Treachery in the Night Ashore
IT WAS the will of God, Who often shows His favor in the hour of total despair, that as we doubled a point of land at sunset we found ourselves sheltered in calm waters [apparently near Pensacola]; and many canoes of big, well-built Indians--unarmed--came out to speak, then paddled back ahead of us.
We followed them to their houses at the water's edge close by, and stepped ashore. In front of the dwellings stood many clay jars of water and a great quantity of cooked fish, all of which the cacique of this land offered our Governor before leading us to his "palace." Their dwellings were made of mats and, so far as we could tell, were not movable. When we [officers] entered the cacique's palace, he regaled us with fish. We gave him some of the corn we had brought, which his people ate in our presence and asked for more. We gave them more. The Governor also presented the cacique some trinkets.
In the middle of the night, the Indians fell on us without warning--not only the Governor's party in the cacique's lodge, but also our sick men strewn on the beach. [The Joint Report says three men were k**ed]. The Governor got hit in the face with a rock.
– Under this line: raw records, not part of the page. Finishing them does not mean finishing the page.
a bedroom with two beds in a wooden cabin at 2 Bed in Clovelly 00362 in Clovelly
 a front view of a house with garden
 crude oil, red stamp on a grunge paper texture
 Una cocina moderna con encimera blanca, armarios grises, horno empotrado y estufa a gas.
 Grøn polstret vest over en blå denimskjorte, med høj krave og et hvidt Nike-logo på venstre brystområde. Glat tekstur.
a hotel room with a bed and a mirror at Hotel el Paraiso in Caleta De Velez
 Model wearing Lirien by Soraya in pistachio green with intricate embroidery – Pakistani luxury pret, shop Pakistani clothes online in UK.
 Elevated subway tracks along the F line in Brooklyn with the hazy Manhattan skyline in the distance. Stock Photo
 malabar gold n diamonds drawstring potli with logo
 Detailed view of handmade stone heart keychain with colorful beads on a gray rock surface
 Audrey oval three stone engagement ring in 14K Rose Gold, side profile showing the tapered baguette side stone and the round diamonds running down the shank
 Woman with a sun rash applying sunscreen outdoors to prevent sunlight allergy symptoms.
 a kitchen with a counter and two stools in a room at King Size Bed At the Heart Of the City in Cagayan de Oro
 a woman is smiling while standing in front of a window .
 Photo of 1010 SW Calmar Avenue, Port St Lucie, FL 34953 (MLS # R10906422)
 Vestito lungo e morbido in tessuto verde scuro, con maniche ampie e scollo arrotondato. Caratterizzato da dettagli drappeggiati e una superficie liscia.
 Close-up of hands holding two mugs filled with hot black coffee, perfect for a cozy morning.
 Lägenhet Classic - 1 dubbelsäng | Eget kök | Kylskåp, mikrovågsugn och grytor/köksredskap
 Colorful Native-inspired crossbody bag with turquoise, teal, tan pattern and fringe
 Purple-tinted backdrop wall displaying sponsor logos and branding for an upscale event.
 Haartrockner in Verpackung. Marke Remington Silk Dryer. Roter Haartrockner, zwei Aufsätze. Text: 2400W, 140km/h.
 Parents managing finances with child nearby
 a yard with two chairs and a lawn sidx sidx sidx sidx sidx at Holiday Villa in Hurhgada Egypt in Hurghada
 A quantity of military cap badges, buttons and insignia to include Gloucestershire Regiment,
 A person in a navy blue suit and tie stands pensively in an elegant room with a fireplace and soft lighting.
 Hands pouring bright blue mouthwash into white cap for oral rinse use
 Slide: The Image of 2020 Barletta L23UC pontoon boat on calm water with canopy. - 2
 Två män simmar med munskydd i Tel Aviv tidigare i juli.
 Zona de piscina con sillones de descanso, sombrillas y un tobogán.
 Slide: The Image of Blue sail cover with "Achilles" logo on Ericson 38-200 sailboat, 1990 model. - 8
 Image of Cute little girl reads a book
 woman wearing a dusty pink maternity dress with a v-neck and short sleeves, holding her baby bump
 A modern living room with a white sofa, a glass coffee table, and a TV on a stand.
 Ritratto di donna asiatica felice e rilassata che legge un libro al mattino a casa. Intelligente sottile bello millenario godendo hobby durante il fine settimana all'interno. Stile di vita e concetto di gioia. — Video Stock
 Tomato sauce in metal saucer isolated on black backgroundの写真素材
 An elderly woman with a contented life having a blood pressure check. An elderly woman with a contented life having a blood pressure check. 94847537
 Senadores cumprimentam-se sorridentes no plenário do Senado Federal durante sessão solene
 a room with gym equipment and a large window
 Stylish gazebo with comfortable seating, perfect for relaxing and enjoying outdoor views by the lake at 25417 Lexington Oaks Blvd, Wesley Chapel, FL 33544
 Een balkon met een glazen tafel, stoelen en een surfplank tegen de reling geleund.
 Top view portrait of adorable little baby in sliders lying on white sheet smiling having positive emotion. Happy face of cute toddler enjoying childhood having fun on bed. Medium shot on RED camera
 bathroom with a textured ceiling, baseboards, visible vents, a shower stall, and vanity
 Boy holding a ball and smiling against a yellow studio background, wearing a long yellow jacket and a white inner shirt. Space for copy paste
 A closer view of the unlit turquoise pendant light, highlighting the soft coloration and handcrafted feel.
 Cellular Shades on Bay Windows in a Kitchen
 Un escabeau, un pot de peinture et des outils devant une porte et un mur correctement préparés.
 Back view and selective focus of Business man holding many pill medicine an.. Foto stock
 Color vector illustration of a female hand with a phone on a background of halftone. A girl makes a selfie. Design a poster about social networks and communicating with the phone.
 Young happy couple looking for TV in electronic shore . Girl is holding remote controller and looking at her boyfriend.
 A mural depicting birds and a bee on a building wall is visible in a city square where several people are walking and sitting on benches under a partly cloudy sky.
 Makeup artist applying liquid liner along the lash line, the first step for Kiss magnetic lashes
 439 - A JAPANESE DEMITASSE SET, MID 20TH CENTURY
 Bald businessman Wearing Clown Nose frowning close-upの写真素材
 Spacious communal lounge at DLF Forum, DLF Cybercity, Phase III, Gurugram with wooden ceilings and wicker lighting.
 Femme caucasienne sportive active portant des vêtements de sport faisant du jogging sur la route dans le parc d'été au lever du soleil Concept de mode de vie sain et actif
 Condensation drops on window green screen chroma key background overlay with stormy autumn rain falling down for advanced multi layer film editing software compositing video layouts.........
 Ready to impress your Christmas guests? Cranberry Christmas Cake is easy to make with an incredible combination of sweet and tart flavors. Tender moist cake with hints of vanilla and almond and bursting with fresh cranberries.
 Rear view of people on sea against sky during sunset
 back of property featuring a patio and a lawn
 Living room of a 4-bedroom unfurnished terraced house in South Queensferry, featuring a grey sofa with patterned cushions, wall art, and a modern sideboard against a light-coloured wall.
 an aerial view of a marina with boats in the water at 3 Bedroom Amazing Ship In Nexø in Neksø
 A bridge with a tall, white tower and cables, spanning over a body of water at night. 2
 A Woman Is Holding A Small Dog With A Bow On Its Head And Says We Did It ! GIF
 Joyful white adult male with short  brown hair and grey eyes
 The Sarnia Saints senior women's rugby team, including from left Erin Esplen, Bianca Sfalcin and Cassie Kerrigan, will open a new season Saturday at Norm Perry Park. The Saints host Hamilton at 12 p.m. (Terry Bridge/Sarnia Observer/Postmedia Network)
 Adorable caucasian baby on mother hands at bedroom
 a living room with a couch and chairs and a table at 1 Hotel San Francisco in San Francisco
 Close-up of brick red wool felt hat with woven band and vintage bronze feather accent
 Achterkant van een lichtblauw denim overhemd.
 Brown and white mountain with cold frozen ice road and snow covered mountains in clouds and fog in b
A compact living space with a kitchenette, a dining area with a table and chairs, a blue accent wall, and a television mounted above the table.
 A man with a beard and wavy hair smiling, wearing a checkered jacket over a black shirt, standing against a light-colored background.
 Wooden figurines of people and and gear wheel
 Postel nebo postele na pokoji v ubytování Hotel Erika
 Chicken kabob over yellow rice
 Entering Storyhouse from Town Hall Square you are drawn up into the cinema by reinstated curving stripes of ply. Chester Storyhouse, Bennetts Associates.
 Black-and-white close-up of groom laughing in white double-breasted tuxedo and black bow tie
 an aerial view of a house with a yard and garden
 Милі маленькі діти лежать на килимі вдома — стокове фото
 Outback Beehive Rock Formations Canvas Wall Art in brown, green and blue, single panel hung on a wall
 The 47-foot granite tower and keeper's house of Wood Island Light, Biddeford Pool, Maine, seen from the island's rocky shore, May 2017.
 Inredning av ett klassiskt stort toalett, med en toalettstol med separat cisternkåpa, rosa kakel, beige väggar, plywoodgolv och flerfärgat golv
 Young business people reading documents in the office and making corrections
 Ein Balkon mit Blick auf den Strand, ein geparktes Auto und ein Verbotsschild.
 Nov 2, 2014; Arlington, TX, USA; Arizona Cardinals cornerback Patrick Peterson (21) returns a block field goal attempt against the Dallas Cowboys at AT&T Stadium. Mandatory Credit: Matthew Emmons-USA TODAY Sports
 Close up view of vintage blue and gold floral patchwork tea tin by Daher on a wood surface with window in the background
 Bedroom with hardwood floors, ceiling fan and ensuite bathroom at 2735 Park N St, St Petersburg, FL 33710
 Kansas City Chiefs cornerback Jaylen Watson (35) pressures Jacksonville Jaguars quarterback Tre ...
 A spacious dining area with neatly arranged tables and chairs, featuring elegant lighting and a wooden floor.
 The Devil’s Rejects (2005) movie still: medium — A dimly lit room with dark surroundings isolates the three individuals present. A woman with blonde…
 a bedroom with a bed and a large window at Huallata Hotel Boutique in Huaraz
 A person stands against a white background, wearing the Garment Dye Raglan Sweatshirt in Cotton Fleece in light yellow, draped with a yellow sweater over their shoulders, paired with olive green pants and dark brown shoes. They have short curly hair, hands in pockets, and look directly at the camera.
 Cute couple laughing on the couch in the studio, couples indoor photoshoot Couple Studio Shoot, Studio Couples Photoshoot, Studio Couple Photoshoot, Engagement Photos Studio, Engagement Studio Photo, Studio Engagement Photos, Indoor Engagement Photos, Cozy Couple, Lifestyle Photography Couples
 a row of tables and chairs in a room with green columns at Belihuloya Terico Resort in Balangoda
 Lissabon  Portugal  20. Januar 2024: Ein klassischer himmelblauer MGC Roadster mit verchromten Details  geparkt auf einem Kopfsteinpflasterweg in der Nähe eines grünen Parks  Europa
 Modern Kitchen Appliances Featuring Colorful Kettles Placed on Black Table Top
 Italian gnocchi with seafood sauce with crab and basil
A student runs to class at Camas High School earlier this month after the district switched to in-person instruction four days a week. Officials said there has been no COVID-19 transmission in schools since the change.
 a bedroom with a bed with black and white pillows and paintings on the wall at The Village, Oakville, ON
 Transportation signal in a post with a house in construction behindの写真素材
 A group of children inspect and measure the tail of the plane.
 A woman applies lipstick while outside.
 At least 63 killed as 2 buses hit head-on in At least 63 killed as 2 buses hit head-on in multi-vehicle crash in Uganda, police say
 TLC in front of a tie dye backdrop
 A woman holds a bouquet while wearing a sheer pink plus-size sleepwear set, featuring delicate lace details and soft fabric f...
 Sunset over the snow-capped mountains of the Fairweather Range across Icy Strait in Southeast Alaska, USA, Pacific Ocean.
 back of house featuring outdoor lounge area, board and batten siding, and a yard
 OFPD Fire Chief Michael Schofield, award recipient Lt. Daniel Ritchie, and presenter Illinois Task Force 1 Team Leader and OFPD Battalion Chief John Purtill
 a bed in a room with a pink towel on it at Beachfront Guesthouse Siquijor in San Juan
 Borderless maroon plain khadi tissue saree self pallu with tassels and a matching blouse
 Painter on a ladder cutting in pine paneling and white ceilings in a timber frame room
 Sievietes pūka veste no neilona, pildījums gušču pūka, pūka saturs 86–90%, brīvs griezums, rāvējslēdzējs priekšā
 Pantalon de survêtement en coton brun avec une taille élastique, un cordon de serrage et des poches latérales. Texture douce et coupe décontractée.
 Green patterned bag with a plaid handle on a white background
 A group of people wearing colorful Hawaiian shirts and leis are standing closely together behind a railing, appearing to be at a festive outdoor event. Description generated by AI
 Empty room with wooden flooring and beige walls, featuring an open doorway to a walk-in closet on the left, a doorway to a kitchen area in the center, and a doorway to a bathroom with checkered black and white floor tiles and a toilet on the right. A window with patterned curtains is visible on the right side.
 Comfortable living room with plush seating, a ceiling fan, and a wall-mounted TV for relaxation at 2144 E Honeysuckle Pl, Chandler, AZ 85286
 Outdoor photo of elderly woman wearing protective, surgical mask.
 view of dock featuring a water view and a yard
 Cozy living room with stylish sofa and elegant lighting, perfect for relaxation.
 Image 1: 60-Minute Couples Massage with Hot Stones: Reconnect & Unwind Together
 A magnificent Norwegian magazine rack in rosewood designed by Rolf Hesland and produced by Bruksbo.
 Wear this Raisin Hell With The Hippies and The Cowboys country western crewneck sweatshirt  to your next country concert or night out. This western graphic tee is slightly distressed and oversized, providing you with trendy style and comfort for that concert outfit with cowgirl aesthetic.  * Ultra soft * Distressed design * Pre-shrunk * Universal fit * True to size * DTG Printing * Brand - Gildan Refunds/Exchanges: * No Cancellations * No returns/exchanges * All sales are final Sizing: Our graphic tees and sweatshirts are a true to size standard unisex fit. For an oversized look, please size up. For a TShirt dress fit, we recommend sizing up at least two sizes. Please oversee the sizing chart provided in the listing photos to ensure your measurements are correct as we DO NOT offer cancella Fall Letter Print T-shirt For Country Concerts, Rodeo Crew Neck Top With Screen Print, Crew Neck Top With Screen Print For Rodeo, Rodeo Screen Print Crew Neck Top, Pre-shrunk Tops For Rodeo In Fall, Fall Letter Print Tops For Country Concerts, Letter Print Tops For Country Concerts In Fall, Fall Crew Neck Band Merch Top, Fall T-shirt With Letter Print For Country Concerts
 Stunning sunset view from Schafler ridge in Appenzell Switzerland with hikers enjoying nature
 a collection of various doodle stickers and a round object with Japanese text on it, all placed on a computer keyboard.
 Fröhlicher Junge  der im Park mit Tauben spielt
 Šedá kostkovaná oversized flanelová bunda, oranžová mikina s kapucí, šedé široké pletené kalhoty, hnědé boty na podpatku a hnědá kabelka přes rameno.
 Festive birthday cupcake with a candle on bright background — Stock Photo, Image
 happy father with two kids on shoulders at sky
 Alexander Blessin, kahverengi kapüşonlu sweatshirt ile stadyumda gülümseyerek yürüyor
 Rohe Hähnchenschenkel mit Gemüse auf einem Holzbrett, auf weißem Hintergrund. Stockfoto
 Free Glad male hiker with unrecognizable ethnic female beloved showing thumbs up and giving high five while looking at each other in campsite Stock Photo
Some of us grabbed the cacique, but a group of Indians retrieved him, leaving us holding his robe of civet-marten skins.
(These are the finest skins in the world, I believe. Their fragrance seems like amber and musk and can be smelled a long way off. We saw other robes there, but none to match this one.)
Those of us in the vicinniity where the Governor got hurt managed to put him in his barge and to hasten all but fifty of our force aboard theirs. The fifty stood guard high up on the beach. Three times that night the Indians attacked, with such ferocity as to force us back more than a stone's throw each time.
Not one of us escaped injury. I was wounded in the face. If the Indians had had more than their few arrows, they undoubtedly would have done us serious harm. At their third onset, Captains Dorantes, Peñalosa, and Téllez with fifteen men ambushed their rear, at which the aggressors broke and fled.